Reference

Glossary of FX terms.

The vocabulary that turns up across FX trading, money-transfer services, and corporate treasury workflow. Each entry is short and links to longer treatment where one exists.

Ask
The price at which the market-maker will sell the base currency. Higher than the bid by the spread.
Base currency
The first currency in a quoted pair. In EUR/USD, EUR is the base; the rate states how many USD buy one EUR.
Bid
The price at which the market-maker will buy the base currency. Lower than the ask.
BIS Triennial Survey
The Bank for International Settlements' three-yearly survey of FX market turnover. The most authoritative source on global FX volumes (~$7.5T/day in the 2022 survey).
CLS Bank
Continuous Linked Settlement. The interbank settlement system that eliminates Herstatt risk by settling both legs of an FX trade simultaneously.
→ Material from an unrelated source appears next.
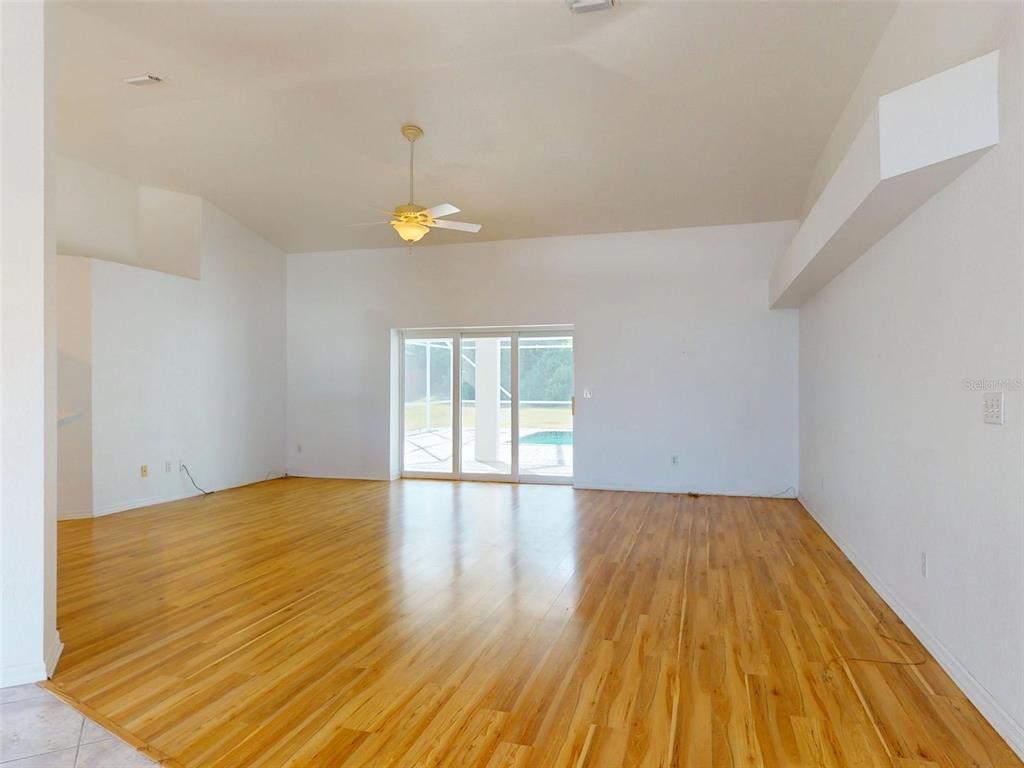 7558 Southwest 103rd Loop Ocala, FL 34476 - Photo 2 of 38 wooden floor in an empty room with a window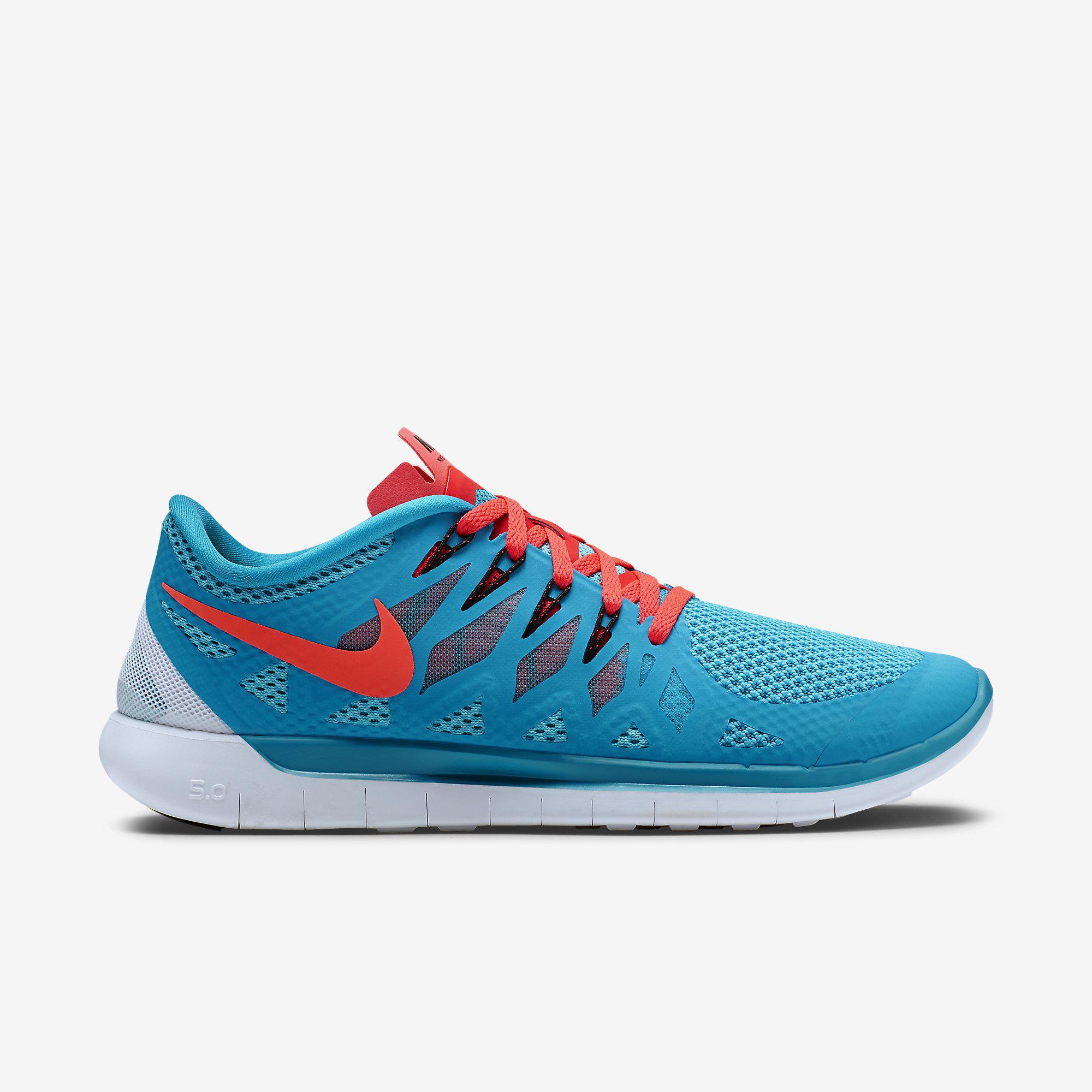Bright blue nike trainers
Settles ~50% of global FX flow.
Cross-rate
An exchange rate between two currencies derived from each currency's rate against a common third currency (typically USD). See the cross-rate page.
DCC
Dynamic Currency Conversion. A merchant terminal feature that converts a foreign-currency transaction to your home currency at the merchant's chosen rate. Always more expensive than declining and using your card's network rate.
ECB reference rate
European Central Bank daily reference rate, captured 16:00 CET. Used for statistical and informational purposes; not for execution. See the ECB vs mid page.
FX
Foreign exchange. The market for trading currencies.
Forward
A bilateral agreement to exchange currencies at a fixed rate on a future date. Used for hedging known future cash flows.
ISO 4217
The international standard defining three-letter currency codes (USD, EUR, GBP, JPY, ...).
Mid-market rate
The midpoint between bid and ask. The published reference rate on this site. Not a rate at which retail transactions actually execute.
Network rate
The Visa or Mastercard daily reference rate applied to a card transaction in a foreign currency. Plus the issuer markup, gives the rate that appears on your statement.
Pip
The smallest standard unit of price movement. For most pairs, 1/10,000 (the fourth decimal). For yen pairs, 1/100 (the second decimal).
Quote currency
The second currency in a quoted pair. In EUR/USD, USD is the quote; the rate is expressed in USD per unit of EUR.
Spot
An FX trade for settlement in two business days (T+2). The standard convention for most currency pairs except USD/CAD and USD/MXN, which settle T+1.
Spread
The difference between the bid and the ask. Compensation for the market-maker. See the spread page.
T+2
Trade date plus two business days. The standard FX spot settlement period.
Triangular arbitrage
Trading three pairs in sequence (USD/EUR, EUR/JPY, JPY/USD) to profit from cross-rate inconsistencies. In liquid markets, opportunities close within milliseconds.
WM/Refinitiv 16:00 London Fix
The most widely-used institutional FX benchmark. Captured at 16:00 London time. Used to value pension fund and ETF holdings.